On November 22, 2022, the Department of Labor (“DOL”) released its final rule (the “Final Rule”)[1] clarifying the application of ERISA’s fiduciary duties to the selection of investments and investment courses of action, including with respect to the consideration of environmental, social and governance (“ESG”) factors and the exercise of shareholder rights. The Final Rule, which is largely consistent with the DOL’s 2021 proposal, “clarifies that retirement plan fiduciaries can take into account the potential financial benefits of investing in companies committed to positive environmental, social and governance actions as they help plan participants make the most of their retirement benefits.”[2]

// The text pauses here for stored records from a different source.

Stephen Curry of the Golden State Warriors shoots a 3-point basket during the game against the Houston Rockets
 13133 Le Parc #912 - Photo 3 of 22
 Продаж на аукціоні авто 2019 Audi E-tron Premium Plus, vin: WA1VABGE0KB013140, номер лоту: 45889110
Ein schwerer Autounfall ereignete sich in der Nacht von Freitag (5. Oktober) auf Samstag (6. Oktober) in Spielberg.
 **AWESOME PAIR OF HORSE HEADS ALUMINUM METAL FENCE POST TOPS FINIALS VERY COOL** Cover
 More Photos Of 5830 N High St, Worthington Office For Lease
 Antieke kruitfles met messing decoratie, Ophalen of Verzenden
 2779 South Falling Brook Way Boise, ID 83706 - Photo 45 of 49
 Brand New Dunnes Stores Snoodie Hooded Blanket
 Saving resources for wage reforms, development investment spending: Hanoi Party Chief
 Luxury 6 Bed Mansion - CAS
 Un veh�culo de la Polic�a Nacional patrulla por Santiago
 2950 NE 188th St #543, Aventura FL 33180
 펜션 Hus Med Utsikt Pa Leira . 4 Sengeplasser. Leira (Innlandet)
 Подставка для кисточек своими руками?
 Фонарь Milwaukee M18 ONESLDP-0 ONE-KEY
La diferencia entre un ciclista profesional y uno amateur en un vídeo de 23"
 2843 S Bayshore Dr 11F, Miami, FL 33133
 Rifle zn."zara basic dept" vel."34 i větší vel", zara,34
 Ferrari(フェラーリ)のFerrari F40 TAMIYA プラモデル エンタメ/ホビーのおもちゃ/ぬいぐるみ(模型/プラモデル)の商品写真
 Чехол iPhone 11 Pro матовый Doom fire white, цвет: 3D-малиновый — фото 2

The Final Rule reaffirms a bedrock principle under ERISA’s duties of prudence and loyalty – when selecting investments and/or investment courses of action, plan fiduciaries must focus on the relevant risk-return factors and may not subordinate the interests of participants and beneficiaries to objectives unrelated to the provision of benefits under the plan (e.g., by reducing investment returns and/or increasing investment risks). Through the years, the DOL has issued quite a bit of guidance regarding the consideration of ESG factors and the exercise of shareholder rights. While the foregoing principle has remained constant, the DOL’s guidance has varied as to the degree to which ESG factors may be considered and the responsibilities of fiduciaries in connection with the exercise of shareholder rights.[3]